Prior to this horrific storm, low-income and uninsured residents largely received care through the state-run public hospital system, particularly the flagship Charity Hospital in downtown New Orleans. While open to everyone, Charity was plagued by overcrowded clinics, long wait times, frequent budget shortfalls, and a centralized location inconvenient to many patients. Options for low-income residents were limited; most had no other choice but to rely on Charity, even for routine primary care.
Over the past decade, providers in the metro area have collaborated with a multitude of partners to develop a healthcare delivery system that surpasses the one that existed before the storm. While care has been provided in a variety of improvised settings including military tents, converted houses and a retrofitted former Lord & Taylor department store, this has changed.

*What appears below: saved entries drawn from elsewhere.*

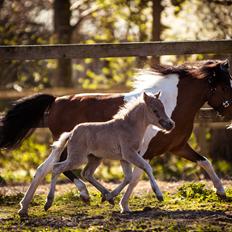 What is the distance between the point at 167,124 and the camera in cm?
741

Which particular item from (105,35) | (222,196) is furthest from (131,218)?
(105,35)

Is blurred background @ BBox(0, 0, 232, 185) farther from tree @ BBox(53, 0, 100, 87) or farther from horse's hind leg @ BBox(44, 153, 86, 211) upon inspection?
horse's hind leg @ BBox(44, 153, 86, 211)

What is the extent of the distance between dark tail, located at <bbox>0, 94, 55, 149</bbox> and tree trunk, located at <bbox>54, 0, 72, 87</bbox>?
6.97 metres

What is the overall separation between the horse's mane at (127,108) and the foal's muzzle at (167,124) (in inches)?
11.9

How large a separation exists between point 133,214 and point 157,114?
101 cm

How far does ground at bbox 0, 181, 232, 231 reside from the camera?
6305 millimetres

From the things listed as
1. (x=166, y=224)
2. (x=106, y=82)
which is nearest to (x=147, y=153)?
(x=166, y=224)

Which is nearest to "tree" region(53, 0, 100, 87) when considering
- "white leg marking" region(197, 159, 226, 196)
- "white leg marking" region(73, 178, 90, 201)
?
"white leg marking" region(197, 159, 226, 196)

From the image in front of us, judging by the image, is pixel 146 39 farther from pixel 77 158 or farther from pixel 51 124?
pixel 77 158

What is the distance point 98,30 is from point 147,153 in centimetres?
985

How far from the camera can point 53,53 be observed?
8984 mm

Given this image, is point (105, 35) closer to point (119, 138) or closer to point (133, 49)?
point (133, 49)

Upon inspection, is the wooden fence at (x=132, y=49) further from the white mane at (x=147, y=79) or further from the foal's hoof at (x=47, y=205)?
the foal's hoof at (x=47, y=205)

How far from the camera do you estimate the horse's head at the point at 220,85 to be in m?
8.19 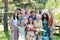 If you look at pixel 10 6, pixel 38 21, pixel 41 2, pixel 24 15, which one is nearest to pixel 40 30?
pixel 38 21

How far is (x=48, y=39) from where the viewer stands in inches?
320

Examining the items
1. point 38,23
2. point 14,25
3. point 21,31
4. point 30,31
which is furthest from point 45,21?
point 14,25

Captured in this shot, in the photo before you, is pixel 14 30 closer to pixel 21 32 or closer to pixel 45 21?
pixel 21 32

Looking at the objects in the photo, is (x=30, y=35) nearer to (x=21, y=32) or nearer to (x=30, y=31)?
(x=30, y=31)

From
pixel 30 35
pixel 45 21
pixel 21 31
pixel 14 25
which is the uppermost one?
pixel 45 21

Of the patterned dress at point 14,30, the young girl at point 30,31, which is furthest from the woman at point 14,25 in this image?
the young girl at point 30,31

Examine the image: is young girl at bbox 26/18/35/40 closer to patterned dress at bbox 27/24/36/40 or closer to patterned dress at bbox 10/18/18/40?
patterned dress at bbox 27/24/36/40

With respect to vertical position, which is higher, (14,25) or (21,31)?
(14,25)

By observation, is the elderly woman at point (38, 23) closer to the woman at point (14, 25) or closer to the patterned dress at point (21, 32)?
the patterned dress at point (21, 32)

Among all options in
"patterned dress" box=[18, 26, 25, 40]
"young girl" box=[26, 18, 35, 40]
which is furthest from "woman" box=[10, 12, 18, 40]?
"young girl" box=[26, 18, 35, 40]

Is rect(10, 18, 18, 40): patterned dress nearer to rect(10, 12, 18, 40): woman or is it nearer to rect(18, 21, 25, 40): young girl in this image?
rect(10, 12, 18, 40): woman

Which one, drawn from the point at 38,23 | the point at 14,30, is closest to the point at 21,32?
the point at 14,30

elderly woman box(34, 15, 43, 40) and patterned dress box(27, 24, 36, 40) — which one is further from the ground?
elderly woman box(34, 15, 43, 40)

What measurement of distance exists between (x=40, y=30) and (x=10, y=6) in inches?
656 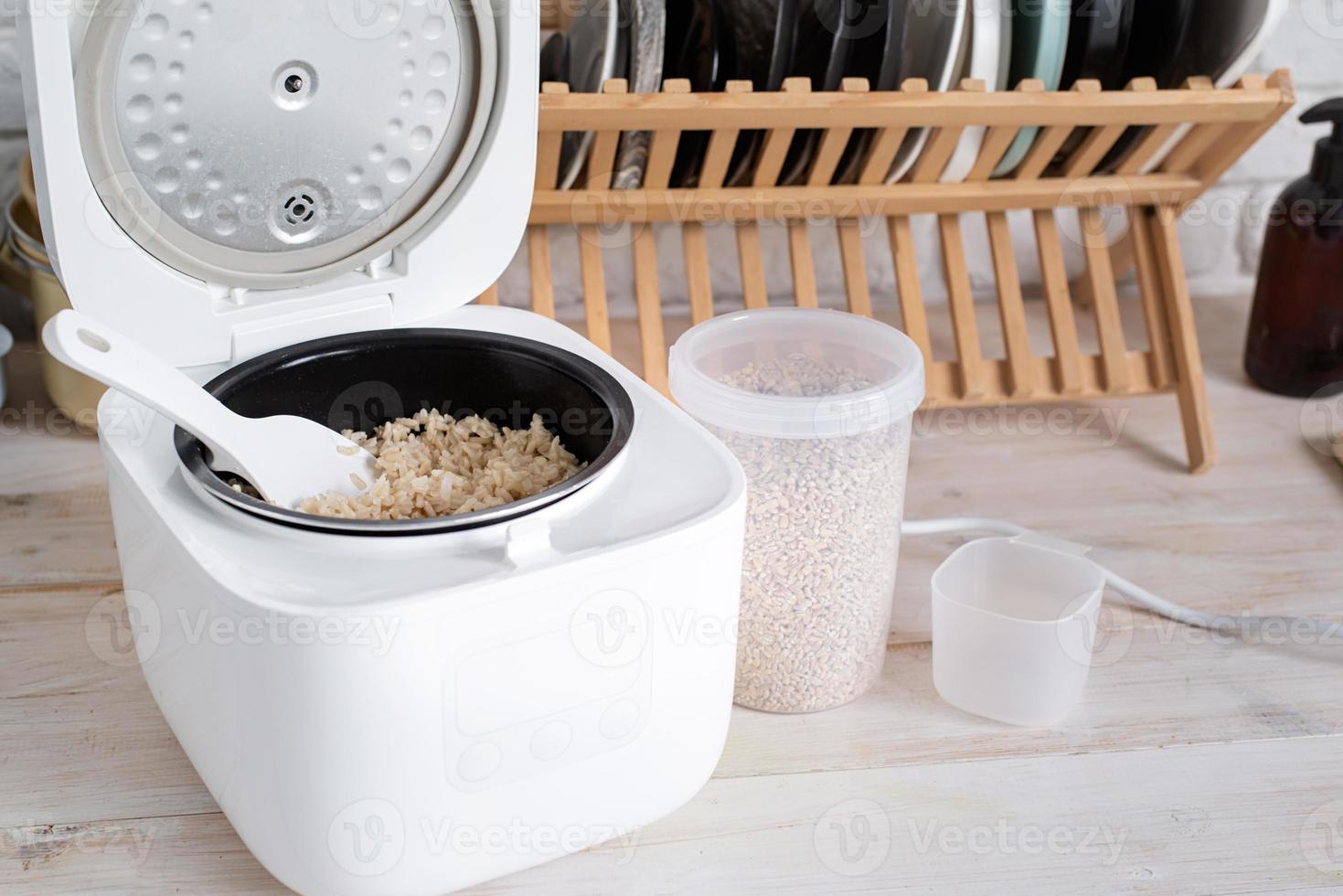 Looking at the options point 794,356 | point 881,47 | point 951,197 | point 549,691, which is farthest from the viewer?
point 951,197

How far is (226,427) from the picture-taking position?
2.47 ft

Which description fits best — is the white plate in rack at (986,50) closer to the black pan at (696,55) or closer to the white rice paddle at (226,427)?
the black pan at (696,55)

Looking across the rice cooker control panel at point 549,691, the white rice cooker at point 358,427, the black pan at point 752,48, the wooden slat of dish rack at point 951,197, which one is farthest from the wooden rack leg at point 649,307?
the rice cooker control panel at point 549,691

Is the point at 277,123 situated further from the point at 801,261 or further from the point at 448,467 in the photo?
the point at 801,261

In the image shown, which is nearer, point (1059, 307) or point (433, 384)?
point (433, 384)

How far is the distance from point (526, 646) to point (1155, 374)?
0.87 meters

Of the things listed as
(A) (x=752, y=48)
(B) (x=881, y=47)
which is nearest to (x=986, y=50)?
(B) (x=881, y=47)

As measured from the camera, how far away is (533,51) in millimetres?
850

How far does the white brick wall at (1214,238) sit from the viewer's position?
1539mm

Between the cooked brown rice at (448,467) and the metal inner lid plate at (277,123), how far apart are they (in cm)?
12

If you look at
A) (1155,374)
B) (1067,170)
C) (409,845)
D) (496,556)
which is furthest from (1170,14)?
(409,845)

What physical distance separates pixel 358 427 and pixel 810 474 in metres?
0.30

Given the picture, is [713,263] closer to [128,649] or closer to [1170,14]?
[1170,14]

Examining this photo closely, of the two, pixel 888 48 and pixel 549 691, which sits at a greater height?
pixel 888 48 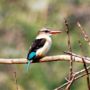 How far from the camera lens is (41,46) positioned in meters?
6.00

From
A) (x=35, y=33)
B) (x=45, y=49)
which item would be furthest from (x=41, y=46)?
(x=35, y=33)

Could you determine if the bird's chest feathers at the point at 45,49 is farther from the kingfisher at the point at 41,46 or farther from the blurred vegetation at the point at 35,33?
the blurred vegetation at the point at 35,33

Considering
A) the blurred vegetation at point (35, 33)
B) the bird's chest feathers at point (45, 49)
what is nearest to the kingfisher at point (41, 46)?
the bird's chest feathers at point (45, 49)

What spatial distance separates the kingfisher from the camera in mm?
5629

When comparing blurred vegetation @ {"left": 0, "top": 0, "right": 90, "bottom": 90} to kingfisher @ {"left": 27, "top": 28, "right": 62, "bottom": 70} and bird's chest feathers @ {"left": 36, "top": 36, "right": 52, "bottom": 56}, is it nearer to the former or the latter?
kingfisher @ {"left": 27, "top": 28, "right": 62, "bottom": 70}

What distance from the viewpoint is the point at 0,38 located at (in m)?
18.4

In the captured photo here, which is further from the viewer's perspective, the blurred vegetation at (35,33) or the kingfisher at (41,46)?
the blurred vegetation at (35,33)

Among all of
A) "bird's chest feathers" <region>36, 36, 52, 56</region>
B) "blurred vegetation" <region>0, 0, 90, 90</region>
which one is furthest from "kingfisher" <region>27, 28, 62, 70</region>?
"blurred vegetation" <region>0, 0, 90, 90</region>

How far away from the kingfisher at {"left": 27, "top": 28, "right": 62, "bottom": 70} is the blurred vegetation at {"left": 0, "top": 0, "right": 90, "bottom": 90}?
6.47 meters

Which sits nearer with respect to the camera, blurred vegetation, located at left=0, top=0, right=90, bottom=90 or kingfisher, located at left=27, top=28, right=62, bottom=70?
kingfisher, located at left=27, top=28, right=62, bottom=70

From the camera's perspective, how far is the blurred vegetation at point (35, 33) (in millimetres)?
14898

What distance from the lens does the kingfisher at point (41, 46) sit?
5629mm

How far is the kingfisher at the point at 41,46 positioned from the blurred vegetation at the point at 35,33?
6470 mm

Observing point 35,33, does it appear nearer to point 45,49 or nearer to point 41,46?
point 41,46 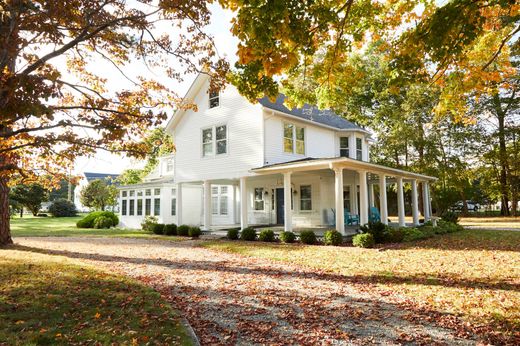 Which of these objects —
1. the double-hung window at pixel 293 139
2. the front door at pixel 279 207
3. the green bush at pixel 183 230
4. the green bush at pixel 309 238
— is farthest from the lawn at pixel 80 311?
the front door at pixel 279 207

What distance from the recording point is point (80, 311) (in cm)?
574

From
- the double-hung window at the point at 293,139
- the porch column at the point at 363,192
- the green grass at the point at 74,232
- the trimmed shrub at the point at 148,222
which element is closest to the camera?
the porch column at the point at 363,192

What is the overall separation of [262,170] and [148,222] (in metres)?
10.8

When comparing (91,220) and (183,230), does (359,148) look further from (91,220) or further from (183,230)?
(91,220)

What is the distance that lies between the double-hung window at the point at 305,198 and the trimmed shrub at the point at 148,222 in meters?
9.68

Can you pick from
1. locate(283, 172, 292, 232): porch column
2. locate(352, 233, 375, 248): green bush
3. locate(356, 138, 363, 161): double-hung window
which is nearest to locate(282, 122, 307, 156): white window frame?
locate(283, 172, 292, 232): porch column

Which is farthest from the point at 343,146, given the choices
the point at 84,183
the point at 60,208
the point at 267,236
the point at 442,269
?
the point at 84,183

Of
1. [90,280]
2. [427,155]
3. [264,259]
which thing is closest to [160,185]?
[264,259]

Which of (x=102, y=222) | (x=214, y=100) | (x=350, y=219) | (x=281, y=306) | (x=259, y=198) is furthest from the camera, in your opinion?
(x=102, y=222)

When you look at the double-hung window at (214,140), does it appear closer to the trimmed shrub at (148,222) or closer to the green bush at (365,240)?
the trimmed shrub at (148,222)

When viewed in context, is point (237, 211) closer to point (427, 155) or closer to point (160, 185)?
point (160, 185)

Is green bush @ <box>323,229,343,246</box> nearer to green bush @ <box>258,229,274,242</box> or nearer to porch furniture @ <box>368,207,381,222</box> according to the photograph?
green bush @ <box>258,229,274,242</box>

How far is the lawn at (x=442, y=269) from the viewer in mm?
5828

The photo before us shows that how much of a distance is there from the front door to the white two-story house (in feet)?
0.21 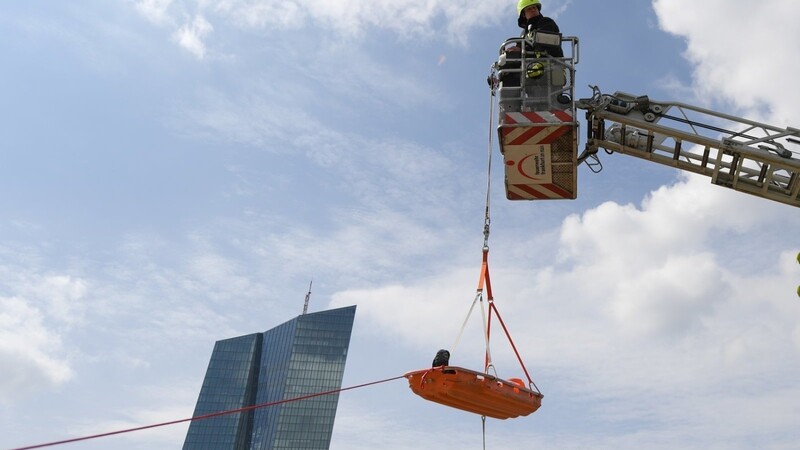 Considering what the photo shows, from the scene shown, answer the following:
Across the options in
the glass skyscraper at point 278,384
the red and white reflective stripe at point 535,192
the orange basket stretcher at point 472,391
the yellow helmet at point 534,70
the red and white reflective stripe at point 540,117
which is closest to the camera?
the orange basket stretcher at point 472,391

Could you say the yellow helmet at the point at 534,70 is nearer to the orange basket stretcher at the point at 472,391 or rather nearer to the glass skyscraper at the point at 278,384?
the orange basket stretcher at the point at 472,391

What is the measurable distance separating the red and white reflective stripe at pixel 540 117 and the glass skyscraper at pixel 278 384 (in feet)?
377

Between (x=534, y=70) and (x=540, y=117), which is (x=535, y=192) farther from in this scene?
(x=534, y=70)

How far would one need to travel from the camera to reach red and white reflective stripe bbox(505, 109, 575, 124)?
37.1 ft

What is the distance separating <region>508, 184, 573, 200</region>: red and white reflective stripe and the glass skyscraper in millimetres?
Answer: 113925

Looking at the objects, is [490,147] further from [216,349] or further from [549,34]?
[216,349]

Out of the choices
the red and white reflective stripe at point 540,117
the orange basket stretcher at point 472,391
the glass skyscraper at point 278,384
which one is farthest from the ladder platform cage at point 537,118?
the glass skyscraper at point 278,384

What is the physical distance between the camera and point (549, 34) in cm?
1198

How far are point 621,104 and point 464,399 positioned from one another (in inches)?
229

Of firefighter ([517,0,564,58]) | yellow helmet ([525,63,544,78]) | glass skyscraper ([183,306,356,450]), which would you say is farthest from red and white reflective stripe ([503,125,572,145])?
glass skyscraper ([183,306,356,450])

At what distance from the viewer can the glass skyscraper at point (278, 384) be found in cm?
12412

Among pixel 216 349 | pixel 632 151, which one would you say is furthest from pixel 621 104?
pixel 216 349

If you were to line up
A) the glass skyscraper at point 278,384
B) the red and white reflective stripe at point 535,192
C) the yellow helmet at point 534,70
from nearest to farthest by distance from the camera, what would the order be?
the yellow helmet at point 534,70 < the red and white reflective stripe at point 535,192 < the glass skyscraper at point 278,384

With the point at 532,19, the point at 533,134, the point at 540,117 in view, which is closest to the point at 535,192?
the point at 533,134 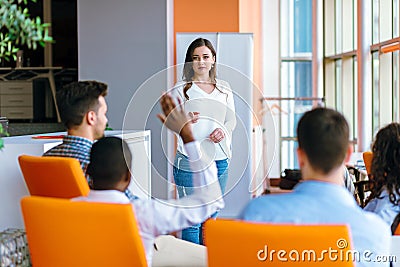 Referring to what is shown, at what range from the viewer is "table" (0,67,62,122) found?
9445mm

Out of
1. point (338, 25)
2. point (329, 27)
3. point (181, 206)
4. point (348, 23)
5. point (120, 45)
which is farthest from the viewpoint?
point (329, 27)

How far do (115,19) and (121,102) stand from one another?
822 millimetres

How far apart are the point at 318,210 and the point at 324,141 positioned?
0.67 feet

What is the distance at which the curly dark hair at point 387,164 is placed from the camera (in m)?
3.01

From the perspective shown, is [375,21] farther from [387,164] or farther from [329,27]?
[387,164]

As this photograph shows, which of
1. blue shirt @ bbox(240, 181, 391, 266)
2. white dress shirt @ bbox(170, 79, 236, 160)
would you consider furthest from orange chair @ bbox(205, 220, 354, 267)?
white dress shirt @ bbox(170, 79, 236, 160)

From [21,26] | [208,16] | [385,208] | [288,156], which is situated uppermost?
Answer: [208,16]

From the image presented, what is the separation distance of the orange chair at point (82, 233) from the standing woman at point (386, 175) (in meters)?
1.11

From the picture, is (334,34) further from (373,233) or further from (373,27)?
(373,233)

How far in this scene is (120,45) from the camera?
721cm

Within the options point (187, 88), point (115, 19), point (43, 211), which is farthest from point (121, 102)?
point (43, 211)

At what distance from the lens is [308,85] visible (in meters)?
12.7

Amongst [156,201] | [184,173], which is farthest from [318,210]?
[184,173]

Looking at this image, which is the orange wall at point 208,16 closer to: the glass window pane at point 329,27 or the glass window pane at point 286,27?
the glass window pane at point 329,27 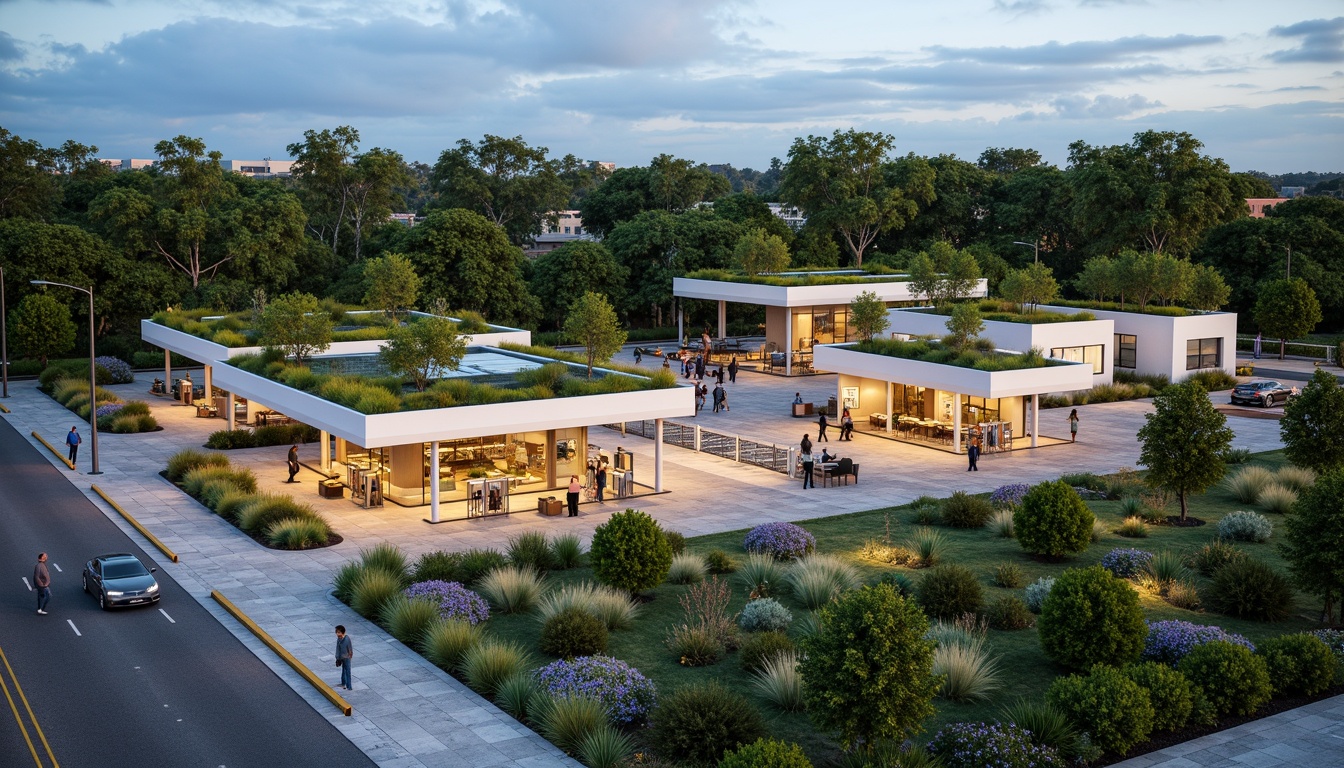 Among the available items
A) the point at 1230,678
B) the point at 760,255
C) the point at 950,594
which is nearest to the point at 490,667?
the point at 950,594

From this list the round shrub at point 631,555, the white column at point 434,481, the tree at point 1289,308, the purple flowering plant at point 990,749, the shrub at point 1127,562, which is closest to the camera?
the purple flowering plant at point 990,749

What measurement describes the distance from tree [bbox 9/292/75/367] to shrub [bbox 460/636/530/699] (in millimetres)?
47775

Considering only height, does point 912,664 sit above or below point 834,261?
below

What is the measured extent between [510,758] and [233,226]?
5628cm

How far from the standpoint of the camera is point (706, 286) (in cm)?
6506

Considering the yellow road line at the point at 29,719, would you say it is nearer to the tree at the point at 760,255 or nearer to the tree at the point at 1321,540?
the tree at the point at 1321,540

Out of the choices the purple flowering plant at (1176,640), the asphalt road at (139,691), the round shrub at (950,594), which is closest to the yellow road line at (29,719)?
the asphalt road at (139,691)

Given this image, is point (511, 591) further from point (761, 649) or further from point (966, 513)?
point (966, 513)

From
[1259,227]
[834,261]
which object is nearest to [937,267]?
[834,261]

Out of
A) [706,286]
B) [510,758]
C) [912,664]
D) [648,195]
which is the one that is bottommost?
[510,758]

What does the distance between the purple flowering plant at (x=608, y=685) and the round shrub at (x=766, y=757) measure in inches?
138

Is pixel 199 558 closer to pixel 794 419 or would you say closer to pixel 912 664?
pixel 912 664

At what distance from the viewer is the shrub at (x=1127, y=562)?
81.7ft

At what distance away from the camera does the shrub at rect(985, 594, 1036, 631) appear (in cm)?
2244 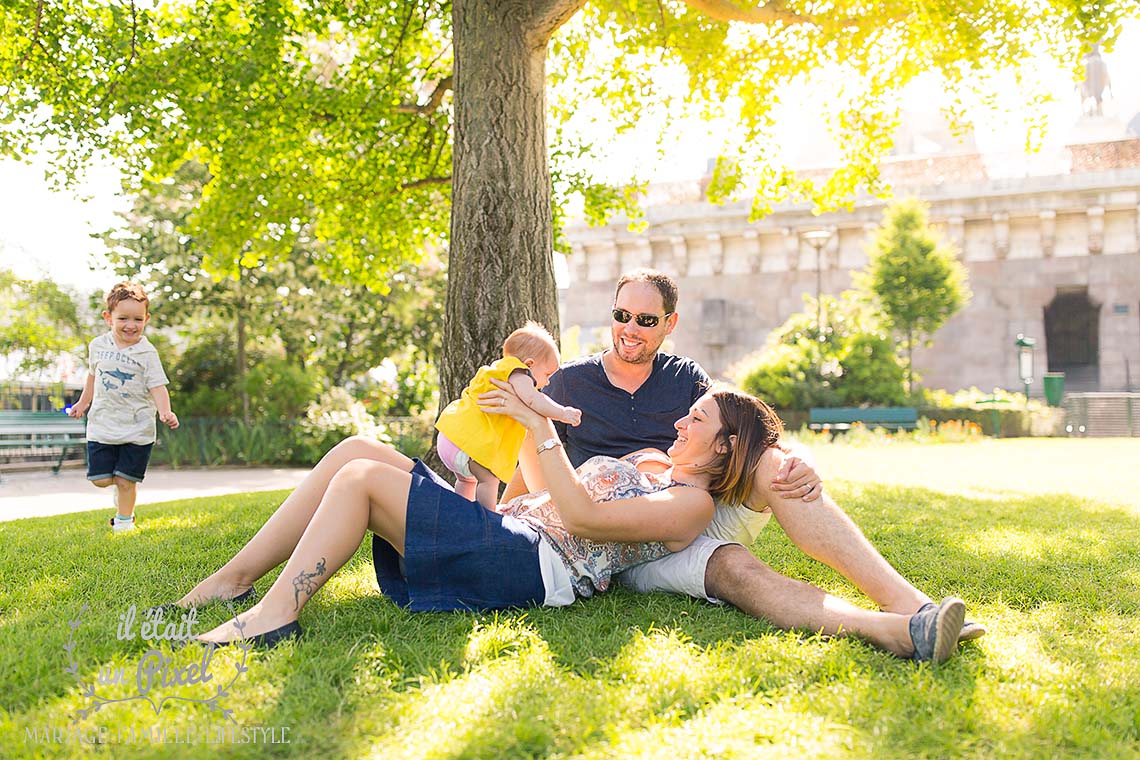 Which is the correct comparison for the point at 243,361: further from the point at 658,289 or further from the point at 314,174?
the point at 658,289

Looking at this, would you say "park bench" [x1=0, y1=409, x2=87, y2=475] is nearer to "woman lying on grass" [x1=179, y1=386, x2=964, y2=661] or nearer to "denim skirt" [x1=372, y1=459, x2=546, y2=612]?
"woman lying on grass" [x1=179, y1=386, x2=964, y2=661]

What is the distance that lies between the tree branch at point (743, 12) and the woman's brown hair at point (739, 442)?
6.23m

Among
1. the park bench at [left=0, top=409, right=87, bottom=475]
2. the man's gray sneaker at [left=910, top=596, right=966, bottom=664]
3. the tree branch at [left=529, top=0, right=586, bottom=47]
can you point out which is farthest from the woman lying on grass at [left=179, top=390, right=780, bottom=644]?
the park bench at [left=0, top=409, right=87, bottom=475]

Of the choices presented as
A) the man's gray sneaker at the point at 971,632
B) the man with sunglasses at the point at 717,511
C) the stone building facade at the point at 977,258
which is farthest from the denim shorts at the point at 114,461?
the stone building facade at the point at 977,258

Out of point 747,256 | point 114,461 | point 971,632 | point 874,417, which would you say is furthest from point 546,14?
point 747,256

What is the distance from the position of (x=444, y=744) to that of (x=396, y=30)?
9655 millimetres

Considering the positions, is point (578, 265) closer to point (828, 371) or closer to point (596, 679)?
point (828, 371)

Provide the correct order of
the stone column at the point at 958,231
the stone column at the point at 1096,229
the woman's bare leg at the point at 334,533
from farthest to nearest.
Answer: the stone column at the point at 958,231, the stone column at the point at 1096,229, the woman's bare leg at the point at 334,533

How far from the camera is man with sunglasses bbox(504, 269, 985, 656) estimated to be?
11.5 ft

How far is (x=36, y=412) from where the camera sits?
1493 centimetres

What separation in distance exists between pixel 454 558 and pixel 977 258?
31.6 meters

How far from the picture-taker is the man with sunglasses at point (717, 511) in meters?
3.50

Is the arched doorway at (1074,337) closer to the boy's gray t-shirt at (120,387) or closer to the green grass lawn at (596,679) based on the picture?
the green grass lawn at (596,679)

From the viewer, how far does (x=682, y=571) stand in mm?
3932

Now we have a remarkably robust network of neighborhood-based primary-care and behavioral health medical homes that has arisen since Katrina. With the help of investments from foundations and the state and federal governments through grants and the Greater New Orleans Community Health Connection, a Medicaid demonstration waiver program, local organizations have greatly expanded their primary-care and behavioral health capacity, particularly in underserved communities.
Today, the greater New Orleans area is served by 22 organizations operating a total of 60 neighborhood-based clinics offering primary care, behavioral health and preventive services to approximately 140,000 patients irrespective of their ability to pay. Forty-two of these clinic sites are federally qualified health centers. All use electronic health records, many are certified patient-centered medical homes, and some cater to special populations such as at-risk youth, musicians or the homeless.
The majority of these health centers have same-day or next-day appointments, and all of them are dedicated to serving everyone who walks through the door. Also, our city recently celebrated the opening of University Medical Center, a $1.1 billion facility operated by local not-for-profit LCMC Health under a public-private partnership with the state.
In addition to providing indigent care, this spacious and modern complex will provide Level 1 trauma services to a 10-parish area and serve as a research hub, the academic training ground for two medical schools and a regional tertiary referral center.
While we are fortunate to have a state-of-the-art teaching hospital, our attention remains on continuing our transformation from a centralized healthcare system concentrated on reactively treating illness to one focusing on prevention, chronic disease management and coordinated care through a medical home.
However, this transition has not been easy.
New Orleans struggles with a high uninsured rate of 17%, which leads to residents forgoing needed care or delaying treatment until their situation is critical.
A lack of sustainable financing continues to threaten the community health centers since the state has not expanded Medicaid. An expansion would not only decrease the number of uninsured but provide consistent funding.
Educating a community long-reliant on a single, centralized health access point about using this new neighborhood-based clinic network—before their illness reaches a critical point—is challenging and requires creativity, interagency collaboration and new partnerships.
Also, access to certain preventive, diagnostic and specialty-care services remains problematic. For example, New Orleans needs increased dental services for uninsured and low-income residents to shrink the all-too-lengthy wait lists.
The city also needs to expand bilingual services to accommodate the growing Latino community.
Despite the many challenges, New Orleans has significantly improved access and delivery of healthcare for residents. With an expanding network of neighborhood-based primary-care and behavioral health clinics connecting patients to a modern acute-care hospital and trauma center, we are continuing to build a better, more resilient healthcare system to meet the needs of our diverse residents so they are empowered to live healthy lives. Together we are proudly working toward a healthy community.
Susan Todd is executive director of 504HealthNet, a not-for-profit alliance of nearly two dozen healthcare organizations in the greater New Orleans area.